— Отыграюсь на втором.

Он снова промахнулся, и Бош, торжествуя, вытер пот с лица и, посмеиваясь, подошел к нему с шарами в руках:

— Раз уж вы смазали черными…

Поглядывая на почту. Малыш Луи одновременно окидывал взглядом и темные деревья на площади, и флаги, развешанные по случаю 14 июня, и заходящее солнце.
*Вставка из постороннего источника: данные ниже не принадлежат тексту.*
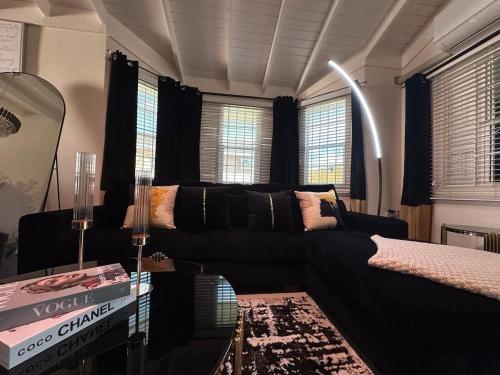 Paradise Harbour Tropical Luxury Retreat Fully AC in Old Harbour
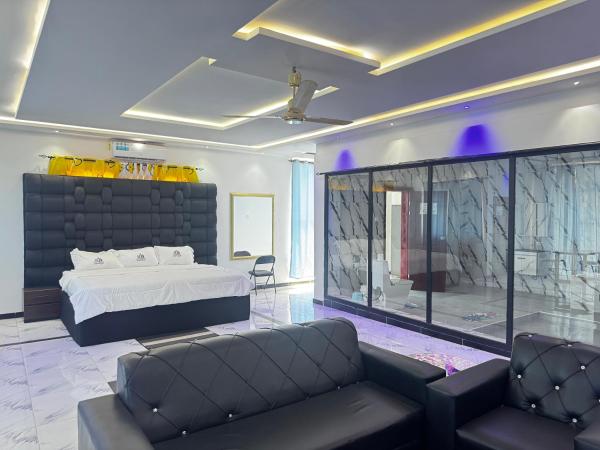 Skotland Inn Hotel, Забронировать  Отели Aflao с парковкой, Парковка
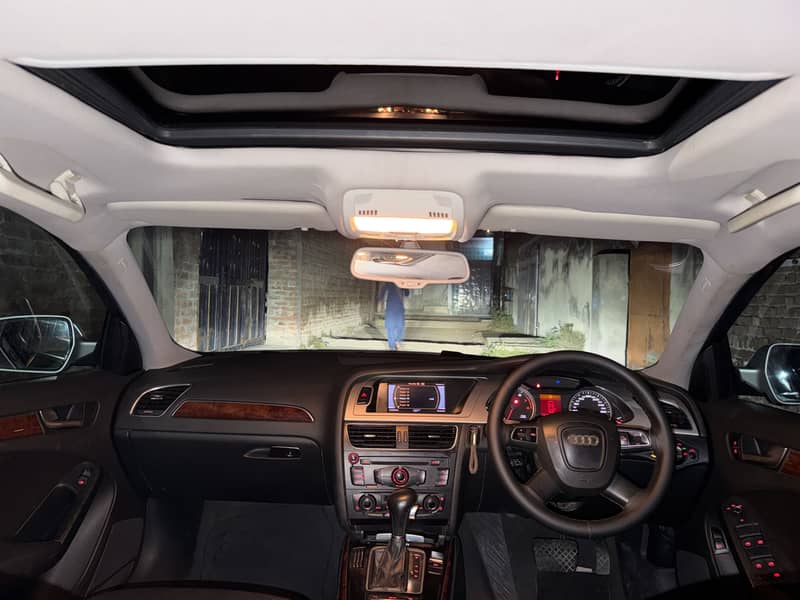 Audi A4 2012 1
Стрелки показывали восемь минут восьмого. Он еще раз дал маху и грубо оттолкнул парнишку, который осмелился над ним потешаться.

— Мой черед! — крикнул Бош.

Но это уже не имело значения. Малыш Луи все понял, услышав шум мотора. Болельщики расступились, чтобы пропустить машину, потом другую, и снова окружили играющих. Шар Боша только что остановился меньше чем в трех сантиметрах от цели.

Теперь Малышу Луи не терпелось что-нибудь сказать или сделать. Он поискал глазами свою поклонницу.

— Ставлю на аперитив, что попаду с первого раза, — промолвил он, бросая на нее ласкающий взгляд.

Слишком взволнованная, чтобы говорить, она кивнула.

— Вы не возьмете больше ни одного очка, господин Беш, — крикнул он, принимая позу стрелка.

— Это еще посмотрим!

— Смотрите!

Звук удара одного железного шара о другой был первым ответом.

— Сколько у вас очков?

— Три.

— Если наберете еще одно, только одно-единственное, я сдам вам партию. Сдам, слышите!

Сейчас он мог это себе позволить. Он был уверен в себе. Шары повиновались, и он даже не прицеливался перед тем, как сделать свои три прыжка.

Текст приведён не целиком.